## [Dataset records]
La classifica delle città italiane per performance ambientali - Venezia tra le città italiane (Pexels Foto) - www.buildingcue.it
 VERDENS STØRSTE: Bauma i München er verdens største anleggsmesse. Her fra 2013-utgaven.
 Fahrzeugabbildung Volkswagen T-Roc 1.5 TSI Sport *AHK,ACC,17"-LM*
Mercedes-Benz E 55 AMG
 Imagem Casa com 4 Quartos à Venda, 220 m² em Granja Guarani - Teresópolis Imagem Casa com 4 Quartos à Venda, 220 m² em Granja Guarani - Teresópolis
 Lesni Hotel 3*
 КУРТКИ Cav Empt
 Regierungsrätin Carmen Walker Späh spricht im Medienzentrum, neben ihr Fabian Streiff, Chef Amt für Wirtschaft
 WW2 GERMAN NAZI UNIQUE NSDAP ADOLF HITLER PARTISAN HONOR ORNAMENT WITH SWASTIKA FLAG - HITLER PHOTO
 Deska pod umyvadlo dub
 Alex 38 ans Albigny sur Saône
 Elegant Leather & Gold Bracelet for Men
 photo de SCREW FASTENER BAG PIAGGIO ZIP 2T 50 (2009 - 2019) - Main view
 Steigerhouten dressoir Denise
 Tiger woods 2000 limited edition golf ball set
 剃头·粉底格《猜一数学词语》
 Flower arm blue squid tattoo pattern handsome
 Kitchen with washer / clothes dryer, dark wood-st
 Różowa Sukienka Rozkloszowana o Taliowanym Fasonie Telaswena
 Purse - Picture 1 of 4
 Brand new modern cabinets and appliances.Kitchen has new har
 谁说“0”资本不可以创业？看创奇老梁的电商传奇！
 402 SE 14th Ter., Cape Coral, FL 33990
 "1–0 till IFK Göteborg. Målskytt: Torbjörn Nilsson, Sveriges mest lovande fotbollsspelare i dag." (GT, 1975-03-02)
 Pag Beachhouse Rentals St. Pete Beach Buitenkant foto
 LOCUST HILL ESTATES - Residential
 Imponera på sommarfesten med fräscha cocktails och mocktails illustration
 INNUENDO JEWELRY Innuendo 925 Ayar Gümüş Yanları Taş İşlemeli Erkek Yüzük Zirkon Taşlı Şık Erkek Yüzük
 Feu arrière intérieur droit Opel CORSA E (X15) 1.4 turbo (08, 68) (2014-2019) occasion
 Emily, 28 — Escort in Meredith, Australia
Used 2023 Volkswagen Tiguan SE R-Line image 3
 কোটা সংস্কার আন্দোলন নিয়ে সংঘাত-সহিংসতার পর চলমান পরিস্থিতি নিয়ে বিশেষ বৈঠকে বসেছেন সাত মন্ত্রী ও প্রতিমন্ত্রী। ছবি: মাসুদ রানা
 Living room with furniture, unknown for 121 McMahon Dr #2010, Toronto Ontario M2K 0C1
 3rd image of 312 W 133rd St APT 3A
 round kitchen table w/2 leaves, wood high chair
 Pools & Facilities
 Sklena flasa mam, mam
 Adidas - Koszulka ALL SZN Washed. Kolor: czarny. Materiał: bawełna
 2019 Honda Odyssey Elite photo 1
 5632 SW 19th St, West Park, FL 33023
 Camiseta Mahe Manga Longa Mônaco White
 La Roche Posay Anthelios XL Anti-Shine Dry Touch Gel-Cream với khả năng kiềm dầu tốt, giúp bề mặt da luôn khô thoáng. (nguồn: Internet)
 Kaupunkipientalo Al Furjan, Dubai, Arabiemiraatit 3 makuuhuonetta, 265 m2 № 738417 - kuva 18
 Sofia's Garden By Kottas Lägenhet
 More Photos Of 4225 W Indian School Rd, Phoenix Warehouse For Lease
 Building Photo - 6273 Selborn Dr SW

## [Task description]
Above are some records; copy exactly the lines from the one with "Used 2023 Volkswagen Tiguan SE R-Line image 3" through the one with "Sofia's Garden By Kottas Lägenhet", both included, and no others.

## [Your response]
Used 2023 Volkswagen Tiguan SE R-Line image 3
 কোটা সংস্কার আন্দোলন নিয়ে সংঘাত-সহিংসতার পর চলমান পরিস্থিতি নিয়ে বিশেষ বৈঠকে বসেছেন সাত মন্ত্রী ও প্রতিমন্ত্রী। ছবি: মাসুদ রানা
 Living room with furniture, unknown for 121 McMahon Dr #2010, Toronto Ontario M2K 0C1
 3rd image of 312 W 133rd St APT 3A
 round kitchen table w/2 leaves, wood high chair
 Pools & Facilities
 Sklena flasa mam, mam
 Adidas - Koszulka ALL SZN Washed. Kolor: czarny. Materiał: bawełna
 2019 Honda Odyssey Elite photo 1
 5632 SW 19th St, West Park, FL 33023
 Camiseta Mahe Manga Longa Mônaco White
 La Roche Posay Anthelios XL Anti-Shine Dry Touch Gel-Cream với khả năng kiềm dầu tốt, giúp bề mặt da luôn khô thoáng. (nguồn: Internet)
 Kaupunkipientalo Al Furjan, Dubai, Arabiemiraatit 3 makuuhuonetta, 265 m2 № 738417 - kuva 18
 Sofia's Garden By Kottas Lägenhet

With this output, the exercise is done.